Linux ACPI
 help / color / mirror / Atom feed
* OOB access on ACPI processor thermal device via sysfs write
@ 2020-04-02  7:41 Takashi Iwai
  2020-04-02  7:47 ` Zhang, Rui
  0 siblings, 1 reply; 6+ messages in thread
From: Takashi Iwai @ 2020-04-02  7:41 UTC (permalink / raw)
  To: linux-acpi; +Cc: Zhang Rui, Rafael J. Wysocki, Len Brown, linux-kernel

[ My post yesterday didn't seem go out properly, so I'm resending with
  a different MTA setup; sorry if you already received it ]

Hi,

after my recent patch [*], I started looking at the root cause more
closely, and found that it's a side-effect of the device
initialization order between acpi_processor_driver and cpufreq.
  [*] https://lore.kernel.org/linux-pm/20200330140859.12535-1-tiwai@suse.de/

In short:
  
- acpi_processor_driver_init() is called fairly early boot stage, and
  it registers a thermal device for each CPU. 

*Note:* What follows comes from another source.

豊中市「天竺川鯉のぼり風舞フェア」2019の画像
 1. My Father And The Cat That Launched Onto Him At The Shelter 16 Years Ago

- A thermal device allocates a statistics table with the fixed size
  determined by get_max_state() ops call at its probe time.
  (The table entry is updated at each time a write to thermal state
  file happens.)

  For ACPI, processor_get_max_state() is called and it invokes
  acpi_processor_max_state() that calculates the max states depending
  on cpufreq, cpufreq_get_max_state().

  cpufreq_get_max_state() returns 0 at this stage because no cpufreq
  driver is available.  So the table size is set to 1.

- Later on, after cpufreq get initialized, the following sysfs write
  causes an OOB access and corrupts memory (eventually Oops):
    # echo 3 > /sys/class/thermal/cooling_device0/cur_state

  The reason is that now processor_get_max_state() returns 3 as
  cpufreq became available.  So the thermal driver believes as if it
  were a valid value, and updates the table accordingly although it
  overflows.


My patch above detects and avoids such an overflow, but it's no real
fix for the cause.  The proper fix needs either the shuffling of the
device creation order or some automatic resize of statistics table.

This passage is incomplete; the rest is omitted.